Bei einer 29-jährigen Patientin (II.-Gravida, I.-Para) kam es in der 26. + 5 SSW zur Exazerbation einer Achalasie. Die Erstdiagnose der Erkrankung war acht Monate vor der Schwangerschaft gestellt und mit der dreimaligen Injektion von Botulinustoxin in den unteren Ösophagussphinkter therapiert worden. Die während der Schwangerschaft wiederum bestehende Symptomatik mit ausgeprägter Dysphagie, retrosternalen Schmerzen sowie Gewichtsverlust von 4 kg innerhalb von 3 Wochen erforderte eine erneute therapeutische Intervention.

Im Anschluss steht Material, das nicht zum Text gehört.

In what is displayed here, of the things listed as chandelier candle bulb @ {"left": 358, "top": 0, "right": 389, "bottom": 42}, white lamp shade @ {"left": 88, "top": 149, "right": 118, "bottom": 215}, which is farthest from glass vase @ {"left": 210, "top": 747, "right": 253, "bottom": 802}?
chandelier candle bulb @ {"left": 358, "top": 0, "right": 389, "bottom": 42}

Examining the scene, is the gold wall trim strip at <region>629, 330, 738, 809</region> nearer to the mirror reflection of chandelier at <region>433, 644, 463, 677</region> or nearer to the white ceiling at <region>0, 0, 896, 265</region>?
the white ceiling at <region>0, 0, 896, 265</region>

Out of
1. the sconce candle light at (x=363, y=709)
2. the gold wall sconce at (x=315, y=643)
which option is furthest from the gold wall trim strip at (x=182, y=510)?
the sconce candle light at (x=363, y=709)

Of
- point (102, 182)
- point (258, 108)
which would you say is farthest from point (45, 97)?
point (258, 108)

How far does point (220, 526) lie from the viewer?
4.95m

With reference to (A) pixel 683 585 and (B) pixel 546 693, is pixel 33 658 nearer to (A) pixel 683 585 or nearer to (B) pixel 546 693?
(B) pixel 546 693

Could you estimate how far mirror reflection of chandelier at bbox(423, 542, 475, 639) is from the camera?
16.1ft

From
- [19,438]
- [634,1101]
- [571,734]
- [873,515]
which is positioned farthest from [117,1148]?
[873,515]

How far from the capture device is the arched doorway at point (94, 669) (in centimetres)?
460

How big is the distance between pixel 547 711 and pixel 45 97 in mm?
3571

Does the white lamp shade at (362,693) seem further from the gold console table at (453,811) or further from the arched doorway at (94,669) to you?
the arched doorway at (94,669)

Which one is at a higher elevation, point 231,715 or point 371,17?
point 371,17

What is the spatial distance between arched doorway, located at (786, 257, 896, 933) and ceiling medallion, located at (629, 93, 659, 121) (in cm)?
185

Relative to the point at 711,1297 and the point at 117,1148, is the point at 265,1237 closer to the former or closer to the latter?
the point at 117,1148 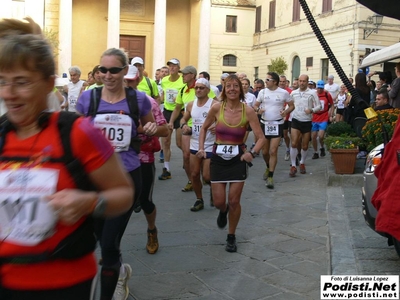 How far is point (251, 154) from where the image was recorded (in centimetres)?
595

Unter endosonographischer Kontrolle konnte problemlos eine der Schwangerschaft angepasste, endoskopisch-pneumatische Dilatation des unteren Ösophagussphinkters mit 200 mm Hg über 6 Minuten durchgeführt werden. Im Anschluss daran war die Patientin beschwerdefrei. In der 39. + 1 SSW wurde ein gesundes, eutrophes Mädchen mit einem Geburtsgewicht von 3240 g spontan geboren. Auch unmittelbar nach der Geburt war die Patientin weiterhin beschwerdefrei.

Dreieinhalb Monate nach der Entbindung wurde aufgrund der wieder auftretenden und progredienten Beschwerdesymptomatik eine erneute Behandlung notwendig.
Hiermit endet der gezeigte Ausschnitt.